Efficiency of extracting stereo-driven object motions.

Most living things and many nonliving things deform as they move, requiring observers to separate object motions from object deformations. When the object is partially occluded, the task becomes more difficult because it is not possible to use two-dimensional (2-D) contour correlations (Cohen, Jain, & Zaidi, 2010). That leaves dynamic depth matching across the unoccluded views as the main possibility. We examined the role of stereo cues in extracting motion of partially occluded and deforming three-dimensional (3-D) objects, simulated by disk-shaped random-dot stereograms set at randomly assigned depths and placed uniformly around a circle.

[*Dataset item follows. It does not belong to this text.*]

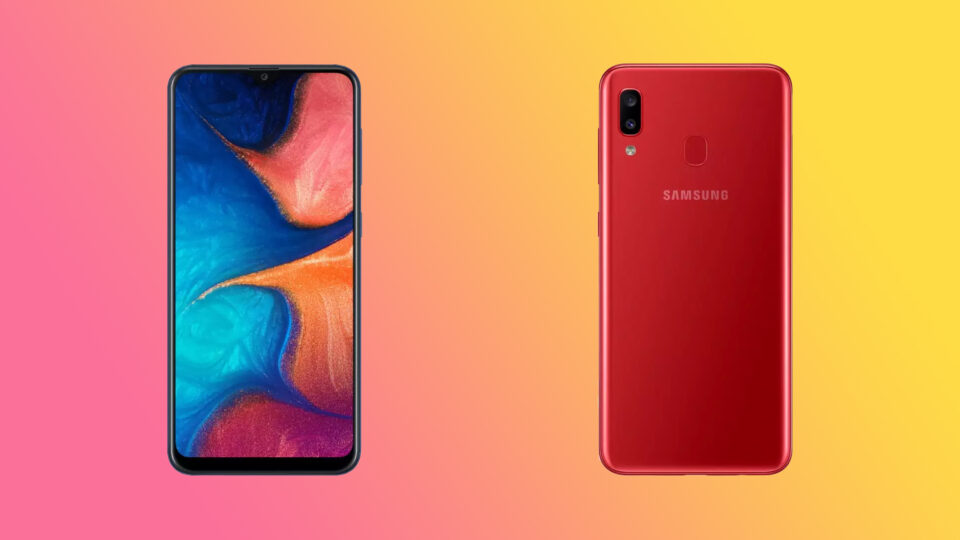 Galaxy A20 Picks Up October 2021 Security Update In The Us Sammobile 5105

The stereo-disparities of the disks were temporally oscillated to simulate clockwise or counterclockwise rotation of the global shape. To dynamically deform the global shape, random disparity perturbation was added to each disk's depth on each stimulus frame. At low perturbation, observers reported rotation directions consistent with the global shape, even against local motion cues, but performance deteriorated at high perturbation. Using 3-D global shape correlations, we formulated an optimal Bayesian discriminator for rotation direction. Based on rotation discrimination thresholds, human observers were 75% as efficient as the optimal model, demonstrating that global shapes derived from stereo cues facilitate inferences of object motions. To complement reports of stereo and motion integration in extrastriate cortex, our results suggest the possibilities that disparity selectivity and feature tracking are linked, or that global motion selective neurons can be driven purely from disparity cues.